'Metamorphosen' – Werkschau im Atelier des Dolios

  • Als das Lachen des Lockenkopfs an Idunas Gehör drang, blickte sie erschrocken in Tiberios Richtung. Oh nein. Sie wusste es. Die Verse waren nicht in der richtigen Tonhöhe vorgetragen und manche Silben hatte die Cheruskerin regelrecht verschluckt. Zumindest war dies das empfinden der iulischen Sklavin.
    “Oh. Ähm. Es tut mir Leid. Diese Verse sind mir gerade durch den Kopf gegeistert.“
    Verlegen senkte sie auch schon ihren Kopf und knabberte auf ihrer Unterlippe. Wie peinlich. Doch der furische Maiordomus schien ehrlich amüsiert zu sein. Und dies nicht im negativen Sinn.

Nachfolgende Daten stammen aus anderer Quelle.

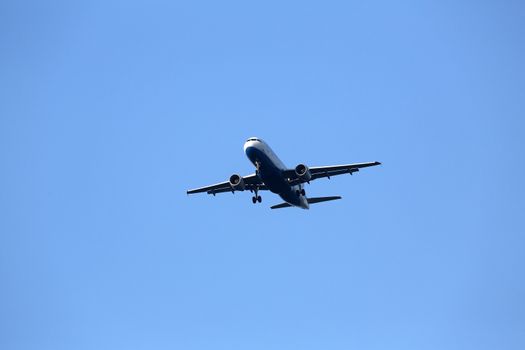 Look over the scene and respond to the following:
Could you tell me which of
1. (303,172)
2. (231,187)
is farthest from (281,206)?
(303,172)

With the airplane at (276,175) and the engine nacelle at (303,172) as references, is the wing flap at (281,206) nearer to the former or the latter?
the airplane at (276,175)

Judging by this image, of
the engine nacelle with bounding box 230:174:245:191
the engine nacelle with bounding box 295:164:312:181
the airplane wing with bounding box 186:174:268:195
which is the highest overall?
the airplane wing with bounding box 186:174:268:195

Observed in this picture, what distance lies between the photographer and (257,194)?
73.5 metres

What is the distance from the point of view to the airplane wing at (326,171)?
230 feet

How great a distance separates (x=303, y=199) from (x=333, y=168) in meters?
5.61

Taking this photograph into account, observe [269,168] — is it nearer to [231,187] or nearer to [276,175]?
[276,175]

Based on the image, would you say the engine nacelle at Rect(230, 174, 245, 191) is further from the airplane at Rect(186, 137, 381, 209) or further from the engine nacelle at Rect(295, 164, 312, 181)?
the engine nacelle at Rect(295, 164, 312, 181)

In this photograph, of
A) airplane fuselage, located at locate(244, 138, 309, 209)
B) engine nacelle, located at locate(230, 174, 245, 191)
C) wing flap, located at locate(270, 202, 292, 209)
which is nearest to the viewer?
airplane fuselage, located at locate(244, 138, 309, 209)

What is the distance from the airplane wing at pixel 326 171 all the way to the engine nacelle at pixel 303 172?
17.5 inches

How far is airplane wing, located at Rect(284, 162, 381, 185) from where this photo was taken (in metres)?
70.0

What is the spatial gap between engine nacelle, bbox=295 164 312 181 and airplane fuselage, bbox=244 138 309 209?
1.23 metres

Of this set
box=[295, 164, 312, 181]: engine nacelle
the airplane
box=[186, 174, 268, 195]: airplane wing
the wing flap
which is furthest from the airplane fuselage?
the wing flap

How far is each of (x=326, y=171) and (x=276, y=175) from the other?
497 cm

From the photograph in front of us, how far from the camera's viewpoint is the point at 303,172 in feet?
228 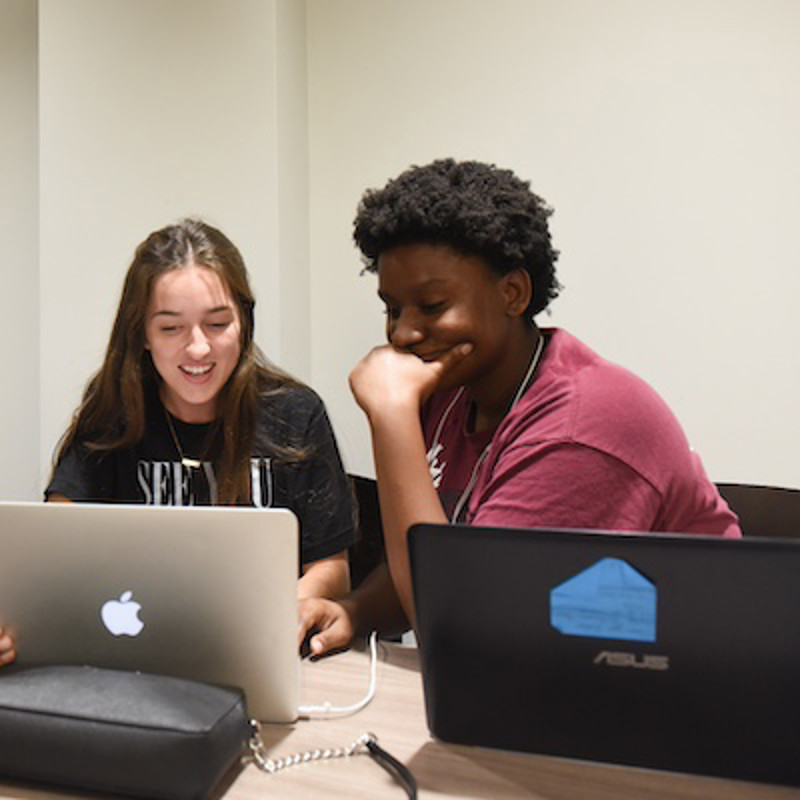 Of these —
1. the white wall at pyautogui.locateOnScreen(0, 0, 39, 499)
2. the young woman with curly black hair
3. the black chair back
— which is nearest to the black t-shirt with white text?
the young woman with curly black hair

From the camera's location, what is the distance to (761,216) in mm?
1953

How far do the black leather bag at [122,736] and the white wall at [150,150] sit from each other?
60.5 inches

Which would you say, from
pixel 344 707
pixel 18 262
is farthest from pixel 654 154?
pixel 18 262

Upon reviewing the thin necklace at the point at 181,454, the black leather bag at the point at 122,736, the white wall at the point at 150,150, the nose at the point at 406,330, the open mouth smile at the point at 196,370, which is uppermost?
the white wall at the point at 150,150

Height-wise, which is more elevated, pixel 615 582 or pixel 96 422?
pixel 96 422

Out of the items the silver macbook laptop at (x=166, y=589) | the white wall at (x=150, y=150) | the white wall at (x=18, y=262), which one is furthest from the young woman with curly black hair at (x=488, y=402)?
the white wall at (x=18, y=262)

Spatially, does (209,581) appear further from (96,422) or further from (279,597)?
(96,422)

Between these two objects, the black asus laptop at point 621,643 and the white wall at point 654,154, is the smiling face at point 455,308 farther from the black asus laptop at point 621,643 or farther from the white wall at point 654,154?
the white wall at point 654,154

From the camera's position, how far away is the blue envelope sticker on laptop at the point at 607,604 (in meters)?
0.68

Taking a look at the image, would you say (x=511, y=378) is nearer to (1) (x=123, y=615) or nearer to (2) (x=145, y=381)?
(1) (x=123, y=615)

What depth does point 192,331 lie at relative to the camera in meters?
1.56

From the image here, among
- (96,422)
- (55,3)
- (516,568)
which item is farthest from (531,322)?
(55,3)

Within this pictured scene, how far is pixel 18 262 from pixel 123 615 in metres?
2.22

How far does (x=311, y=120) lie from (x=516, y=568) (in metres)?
1.97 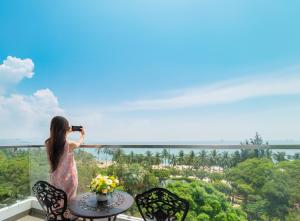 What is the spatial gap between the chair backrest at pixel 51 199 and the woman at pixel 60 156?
9.9 inches

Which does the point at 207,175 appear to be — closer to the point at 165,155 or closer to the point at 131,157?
the point at 165,155

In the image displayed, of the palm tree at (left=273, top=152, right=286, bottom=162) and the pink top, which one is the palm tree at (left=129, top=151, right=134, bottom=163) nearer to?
the pink top

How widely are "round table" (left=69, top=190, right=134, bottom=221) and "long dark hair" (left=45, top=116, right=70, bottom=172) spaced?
52cm

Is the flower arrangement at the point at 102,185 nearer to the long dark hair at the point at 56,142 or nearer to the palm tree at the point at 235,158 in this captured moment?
the long dark hair at the point at 56,142

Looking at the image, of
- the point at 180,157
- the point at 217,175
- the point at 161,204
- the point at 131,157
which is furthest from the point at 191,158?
the point at 161,204

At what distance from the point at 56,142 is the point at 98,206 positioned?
0.89m

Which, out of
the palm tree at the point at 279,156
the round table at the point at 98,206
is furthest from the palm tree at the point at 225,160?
the round table at the point at 98,206

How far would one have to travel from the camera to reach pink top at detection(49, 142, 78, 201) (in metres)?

    “Dominus Iulius Caesoninus hat mir die Erlaubnis gegeben die Bibliothek in der Domus Iulia zu besuchen. Da muss ich diese Verse wohl gelesen haben.“
    War Idunas leises Stimlein zu vernehmen. Während ihre geröteten Wangen mit ihren roten Locken um die Vorherrschaft konkurrierten.
    “Bücher und ganz besonders alte Sagen und Verse üben Faszinazion auf mich aus.“
    Gab Iduna zu und blickte zu Tiberios empor. Ob er sie verstand? Vielleicht empfand er genauso wenn es um die alten Sagengeschichten ging.


    Als Iduna dann Tiberios Arme um ihren Schultern spürte und wie seine Lippen kurz ihre Stirn striffen, musste die Germanin leise kichern. Doch dann wurde sie wieder ernst und genauso ernst blickte sie zu dem furischen Sklaven empor.
    “Oh nein Tiberios. Du warst hier schon einmal. Und kennst dich aus. Ich weiß doch gar nichts.“
    Dabei blickte Iduna noch immer mit diesem ernsten Gesichtsausdruck zu Tiberios empor.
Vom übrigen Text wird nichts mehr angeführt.